RECORDS FOR THE EXERCISE:

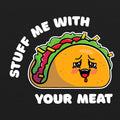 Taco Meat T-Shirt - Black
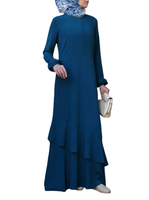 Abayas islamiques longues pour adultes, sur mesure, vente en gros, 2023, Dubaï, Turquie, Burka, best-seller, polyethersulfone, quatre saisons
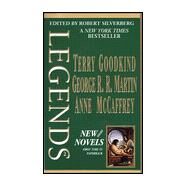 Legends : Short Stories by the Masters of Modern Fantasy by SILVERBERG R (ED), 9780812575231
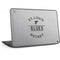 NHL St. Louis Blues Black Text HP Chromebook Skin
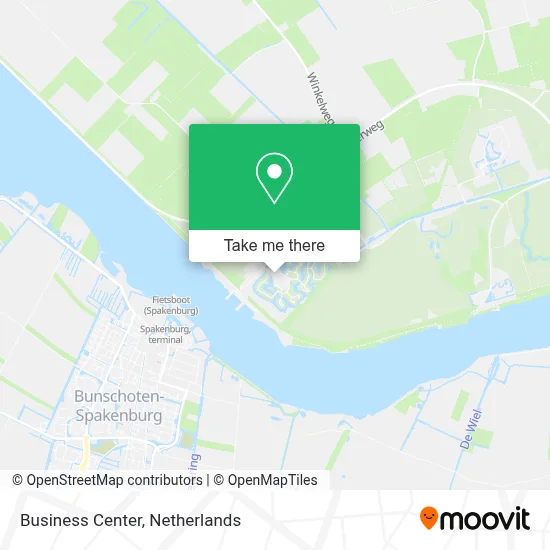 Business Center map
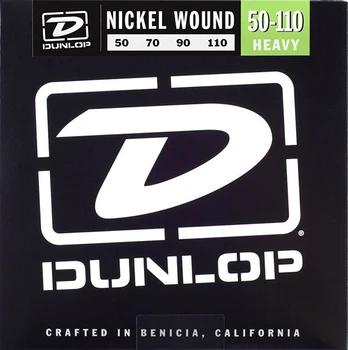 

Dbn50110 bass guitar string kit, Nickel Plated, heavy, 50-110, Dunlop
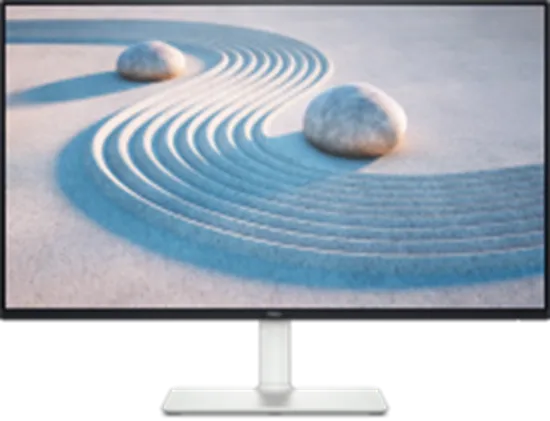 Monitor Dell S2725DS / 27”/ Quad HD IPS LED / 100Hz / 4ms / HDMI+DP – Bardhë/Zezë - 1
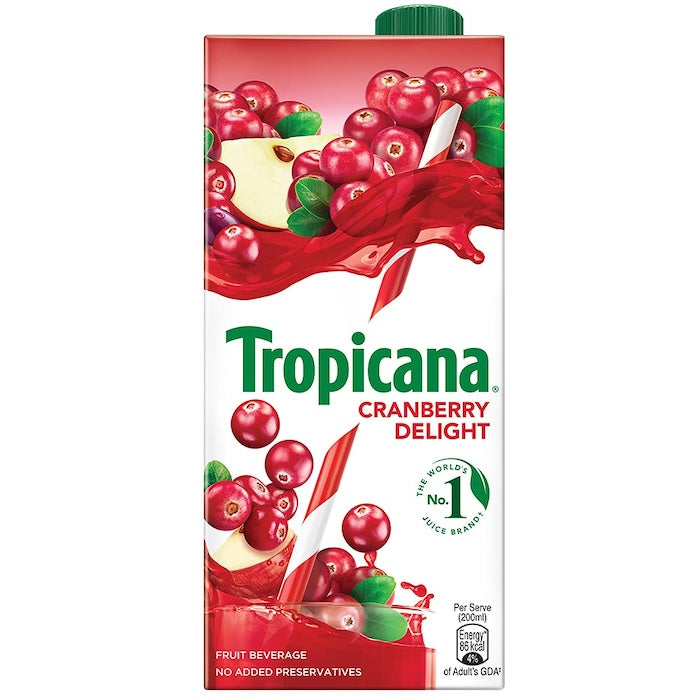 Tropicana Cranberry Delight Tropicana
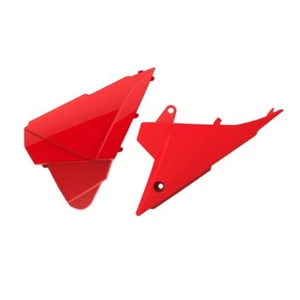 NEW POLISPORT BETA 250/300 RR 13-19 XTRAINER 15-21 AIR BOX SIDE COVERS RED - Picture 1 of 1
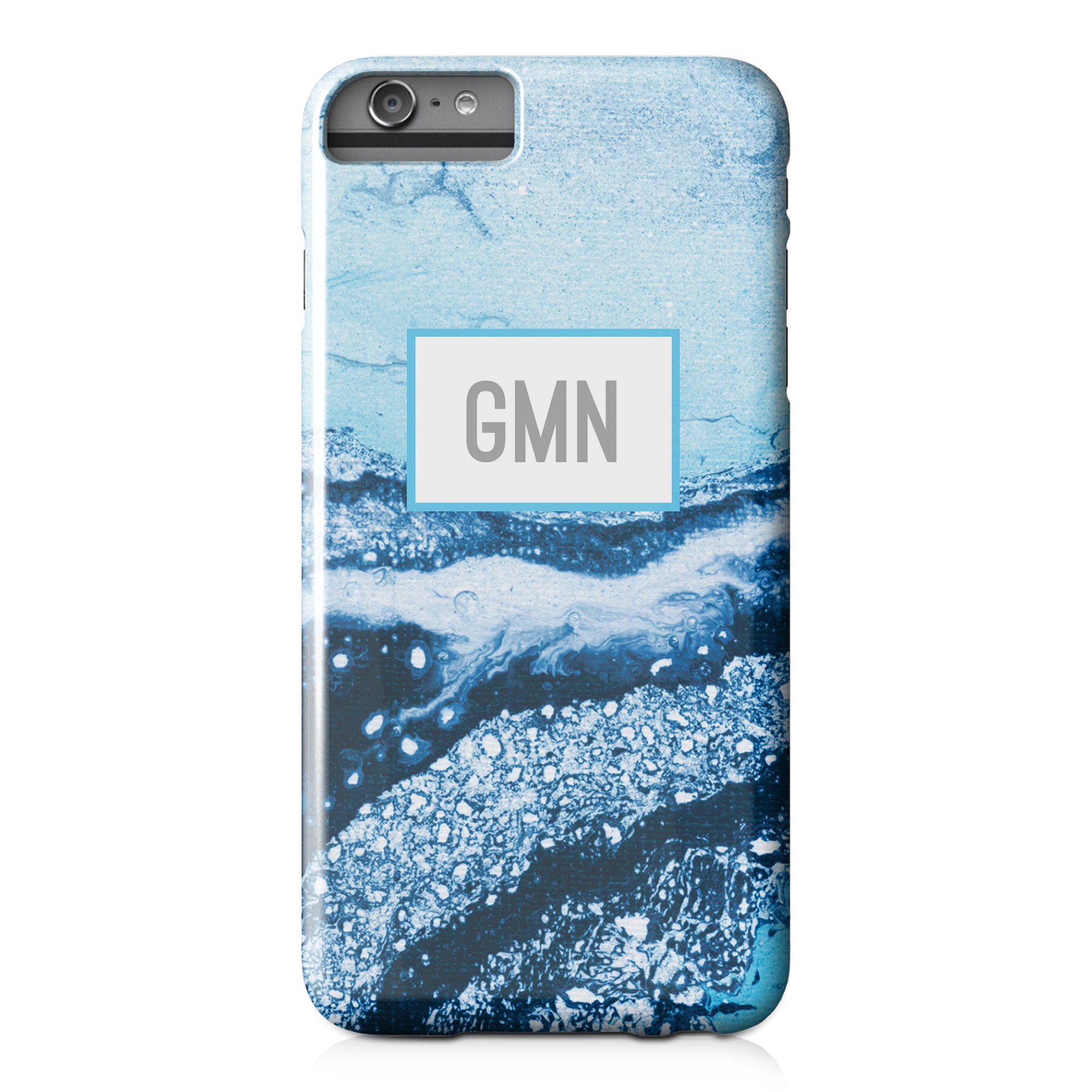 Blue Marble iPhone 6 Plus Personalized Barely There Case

EXERCISE GOAL:
Quote, exactly and only, the lines from the first line of the data above through the line containing "Business Center map". The pictures do not belong in it.

OUTPUT FOR THIS TASK:
 Taco Meat T-Shirt - Black
 Abayas islamiques longues pour adultes, sur mesure, vente en gros, 2023, Dubaï, Turquie, Burka, best-seller, polyethersulfone, quatre saisons
 Legends : Short Stories by the Masters of Modern Fantasy by SILVERBERG R (ED), 9780812575231
 NHL St. Louis Blues Black Text HP Chromebook Skin
 Business Center map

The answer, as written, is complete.